__Work to complete__: Please retype the records below exactly, leaving out any pictures.

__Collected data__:
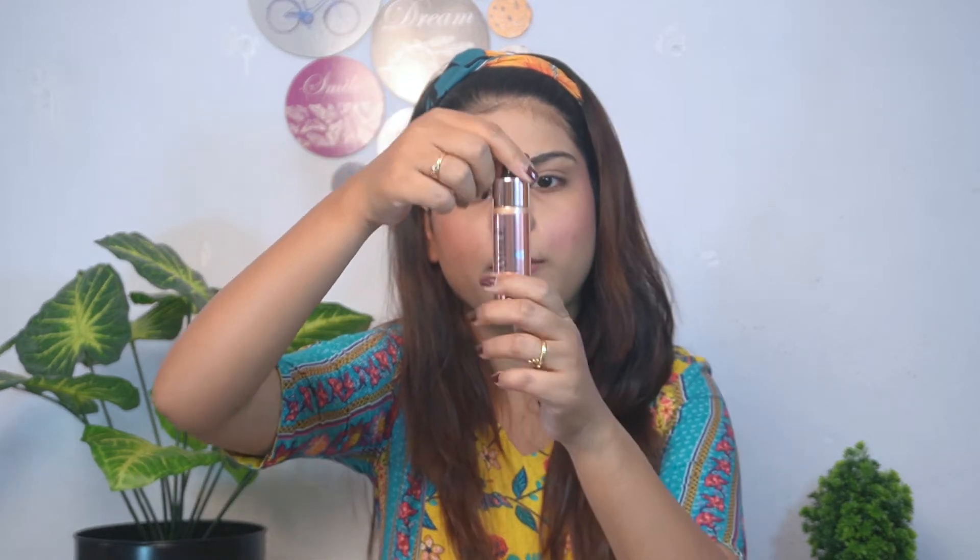Now moving on to highlighter. They sent their liquid highlighter — Drop and Glow by Ramble Cosmetics in the shade Rose Gold, priced at 305 rupees. The dropper-form packaging is very good. I will take a little amount on the back of my hand and apply it with my fingers. It blends well — it is a very subtle and pretty glow with no chunky glitter particles. If you like subtle highlighter, you will definitely love it.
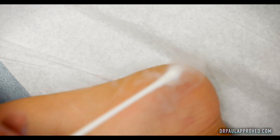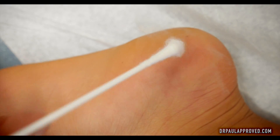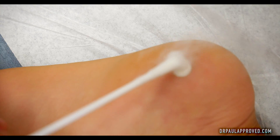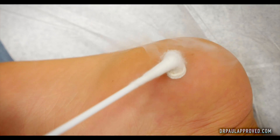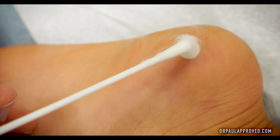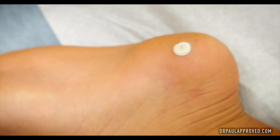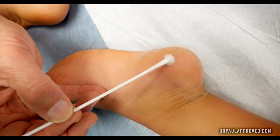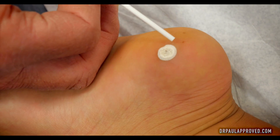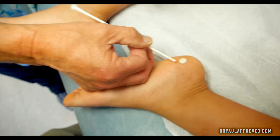It hurts, kind of. Does it hurt already? It just normally hurts. Do you have any pets at your house? Yes, we have a dog. You have a dog? What's your dog's name? Lucy. Like I Love Lucy? You'll see how it's all white — we wanted to freeze a little bit more than just the wart. So with the wart's white, we got a little bit of normal skin frozen too.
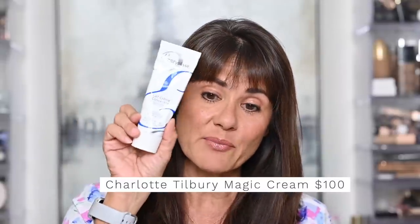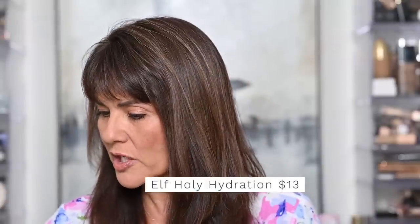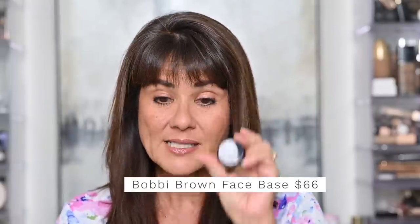My favorite primers are the moisturizers I use and apply before my foundation, and they really haven't changed over the years. It's still the Charlotte Tilbury Magic Cream, the Embryolisse, and sometimes I'll use my e.l.f. Holy Hydration. The Bobbi Brown Face Base is also another holy grail moisturizing primer for a lot of people. If you have dry skin, apply the moisturizing primer a few minutes before you apply your foundation — you don't want to put your primer on and immediately put on your foundation because then it can just mix with your foundation and not really adhere to your skin. Give it a chance to plump up your wrinkles and fine lines so your makeup will go on smoother and look better all day.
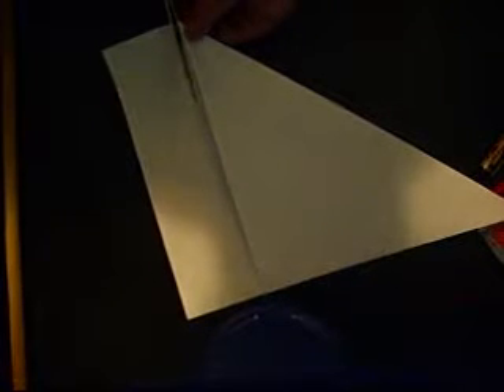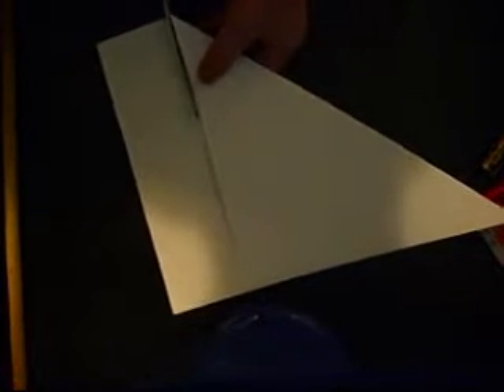So first, I'm just going to fold this and crease it. Then take the scissors and peel off the extra. Set that aside, you don't really need it. Now you should have a square.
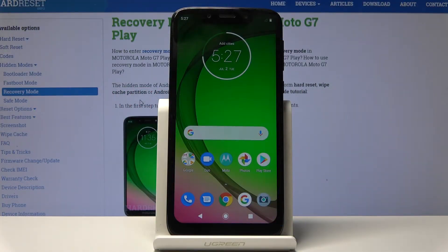Welcome. I'm using a Motorola Moto G7 Play, and today I will show you how to format the SD card.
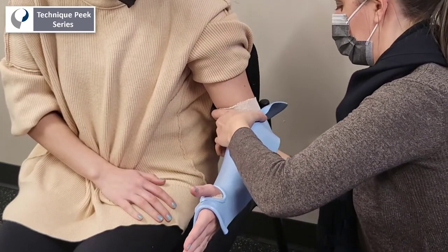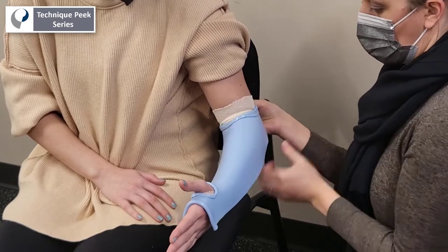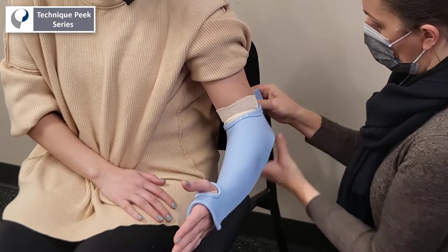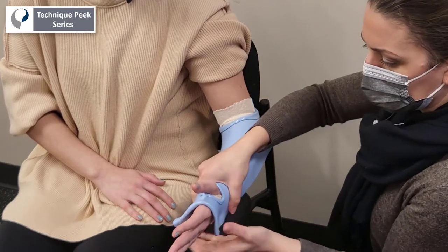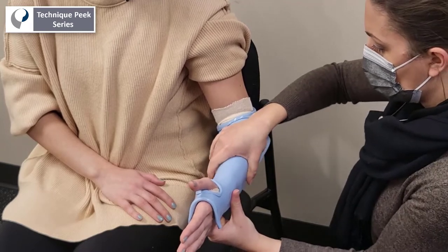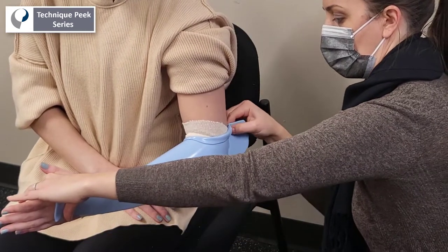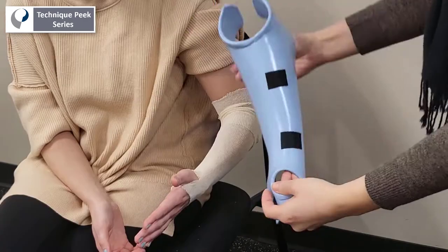Then secure the wings alongside the epicondyles by pinching the excess material together posterior to the elbow. You can pop open the wings and cut away this extra material after the splint has begun to harden. Continue to gently conform the material to the length of the patient's forearm. Here you can see that technique of pinching the wings behind the elbow.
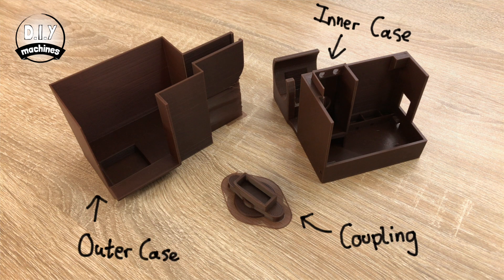There are three printable parts to this project: the inner and outer case and the coupling. I have printed all of my parts using ABS plastic. You could use PLA or PETG, but just know that PLA is the most likely to degrade in outdoor conditions or inside a greenhouse.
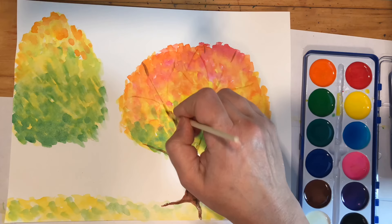I hope you have fun painting your fall tree. I can't wait to see what you come up with. Enjoy the process.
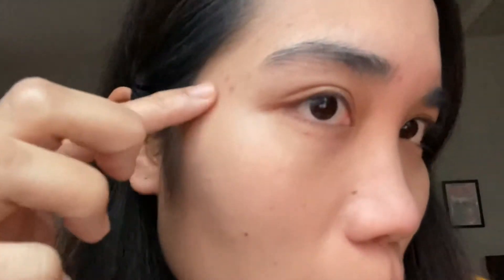It really has no coverage, guys. I have a couple of blemishes on this side of my face and it doesn't cover them. Let's get a closer look — as you can see, it hasn't covered my blemishes at all.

__Solved exercise__:
Now moving on to highlighter. They sent their liquid highlighter — Drop and Glow by Ramble Cosmetics in the shade Rose Gold, priced at 305 rupees. The dropper-form packaging is very good. I will take a little amount on the back of my hand and apply it with my fingers. It blends well — it is a very subtle and pretty glow with no chunky glitter particles. If you like subtle highlighter, you will definitely love it.
It hurts, kind of. Does it hurt already? It just normally hurts. Do you have any pets at your house? Yes, we have a dog. You have a dog? What's your dog's name? Lucy. Like I Love Lucy? You'll see how it's all white — we wanted to freeze a little bit more than just the wart. So with the wart's white, we got a little bit of normal skin frozen too.
My favorite primers are the moisturizers I use and apply before my foundation, and they really haven't changed over the years. It's still the Charlotte Tilbury Magic Cream, the Embryolisse, and sometimes I'll use my e.l.f. Holy Hydration. The Bobbi Brown Face Base is also another holy grail moisturizing primer for a lot of people. If you have dry skin, apply the moisturizing primer a few minutes before you apply your foundation — you don't want to put your primer on and immediately put on your foundation because then it can just mix with your foundation and not really adhere to your skin. Give it a chance to plump up your wrinkles and fine lines so your makeup will go on smoother and look better all day.
So first, I'm just going to fold this and crease it. Then take the scissors and peel off the extra. Set that aside, you don't really need it. Now you should have a square.
Welcome. I'm using a Motorola Moto G7 Play, and today I will show you how to format the SD card.
Then secure the wings alongside the epicondyles by pinching the excess material together posterior to the elbow. You can pop open the wings and cut away this extra material after the splint has begun to harden. Continue to gently conform the material to the length of the patient's forearm. Here you can see that technique of pinching the wings behind the elbow.
There are three printable parts to this project: the inner and outer case and the coupling. I have printed all of my parts using ABS plastic. You could use PLA or PETG, but just know that PLA is the most likely to degrade in outdoor conditions or inside a greenhouse.
I hope you have fun painting your fall tree. I can't wait to see what you come up with. Enjoy the process.
It really has no coverage, guys. I have a couple of blemishes on this side of my face and it doesn't cover them. Let's get a closer look — as you can see, it hasn't covered my blemishes at all.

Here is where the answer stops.